Advanced Sandbox Evasion
The malware showed high sophistication in its evasion tactics. It was programmed to terminate if it detected blacklisted usernames like Janet Van Dyne, John, Harry Johnson, tim, or wdagutilityaccount. It also checked for hostnames such as Wasp, MARS, or AMAZING-AVOCADO and rejected any environment with a BIOS serial matching ete9t8e8t3 (the Windows Defender Application Guard). Most notably, it used a GPU hardware scoring system to prioritize targets, rejecting virtualized GPUs and integrated graphics in favor of high-end NVIDIA RTX gaming cards, which are ideal for credential harvesting and proxy operations.
The Broader Supply Chain Context of 2026
The Claude Code incident was merely one ripple in a larger storm that hit the tech industry in early 2026. The same two-week window saw critical compromises of axios, Trivy, and LiteLLM. This wave of supply chain attacks targeted the “infrastructure layer”—the tools that bridge the gap between a developer’s code and the production environment. Attackers even began package squatting on Anthropic’s internal package names, hoping to catch developers who were trying to compile the leaked source and might inadvertently pull down a malicious dependency.
Best Practices and Defensive Frameworks
The Claude Code leak provides a blueprint for a new era of security—one that accounts for the speed of AI-assisted development. Engineering leaders must move from human-centric review to automated artifact governance.

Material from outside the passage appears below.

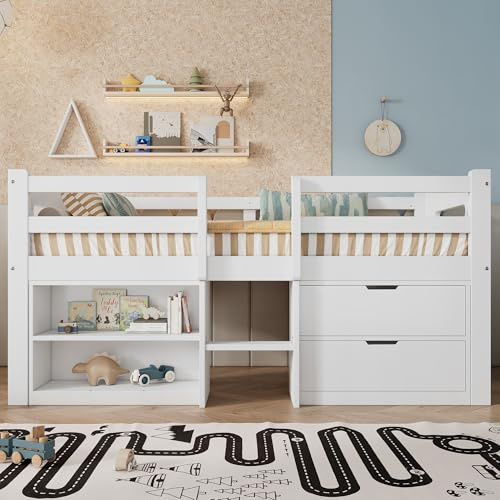3ft Single Wooden Cabin Bed Frame with 2 Drawers & 2 Storage Compartments, Solid Pine Wood Storage Bed with Sturdy Safety Guardrail & Stairs, Children's Mid-Sleeper Loft Bed for Kids Teenagers, White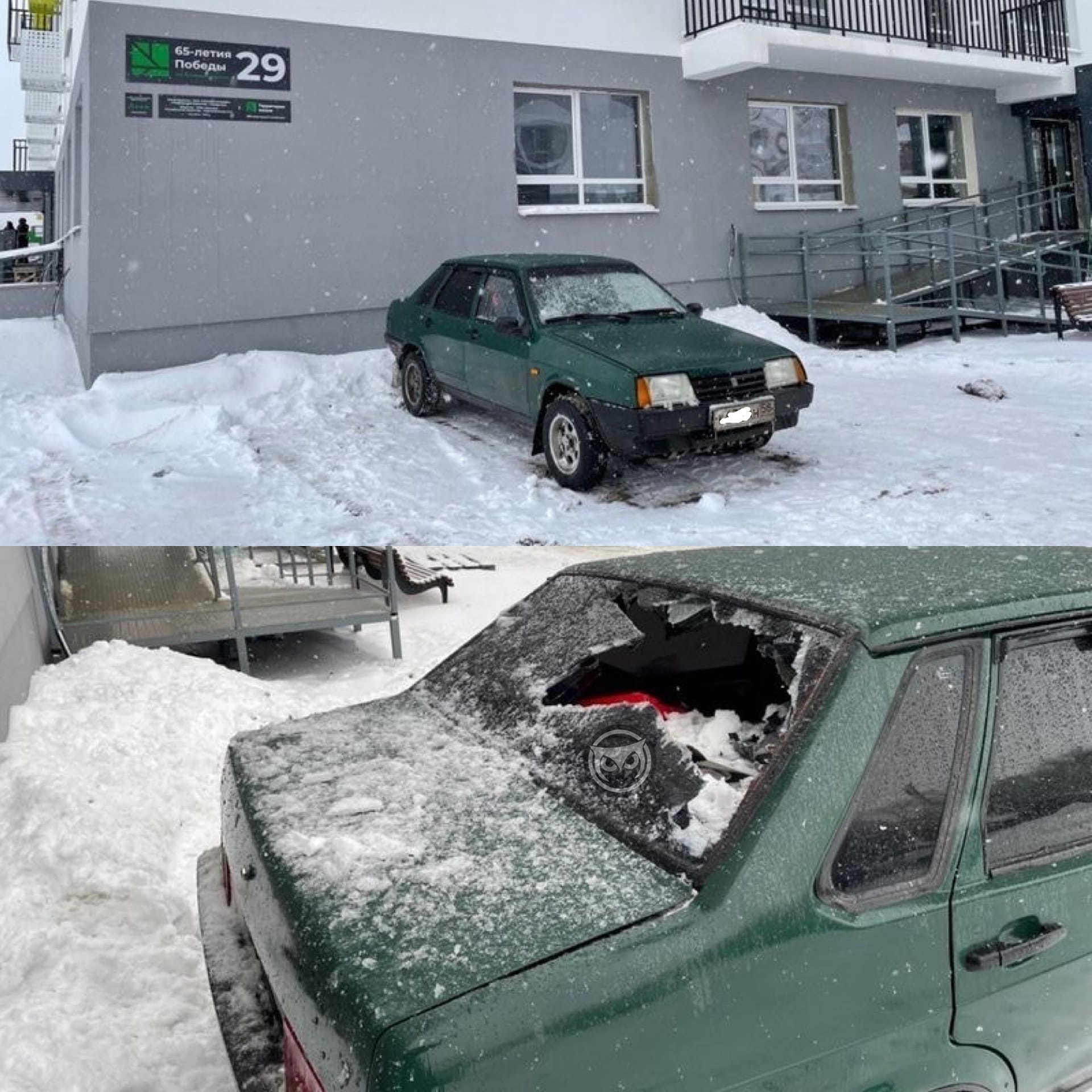 В Пензе на припаркованное авто свалился снежный снаряд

Artifact Hygiene and VibeGuard
Researchers have since proposed the VibeGuard framework as a necessary pre-publish security gate. VibeGuard is designed to catch the “blind spots” inherent in vibe coding, specifically checking for artifact hygiene, source-map exposure, and packaging configuration drift. It ensures that a missing .npmignore or an accidental source map never makes it to a public registry.
Infrastructure as the Perimeter
Organizations must transition the security perimeter from the developer’s laptop to isolated cloud development environments. By running tools like Claude Code inside isolated micro-VMs or containers, the blast radius of a compromised package is contained. This approach ensures that even if a developer downloads a trojanized archive or pulls a squatted package, the malware cannot exfiltrate corporate credentials or pivot to the internal network.
Publish-Time Auditing
Finally, teams must adopt publish-time auditing. This includes mandated CI/CD checks that fail if .map files are detected in production artifacts and the habit of running npm publish –dry-run to manually inspect the final tarball. In an age where AI can write a project in minutes, these automated “absence checks” are the only way to maintain operational security.
Conclusion: Scaling AI Safely
The March 31, 2026 leak was a watershed moment for the AI industry. While Anthropic successfully avoided the loss of customer data, the exposure of its intellectual property was a massive blow that laid bare its internal roadmap and engineering shortcuts. The incident proved that even a company at the frontier of intelligence can be undone by the simplest of human errors. It highlighted the incredible promise of autonomous agents like KAIROS, while also exposing the messy, “unhinged” reality of development in the age of vibe coding.
The takeaway is clear: as AI agents take on more of the labor of building software, humans must take on more of the labor of Agentic Governance. Security can no longer be a checkbox at the end of a sprint; it must be the control plane that observes, detects, and enforces safety at the boundary where code becomes a published artifact. The future of AI development depends on our ability to govern the very tools we have built to replace us.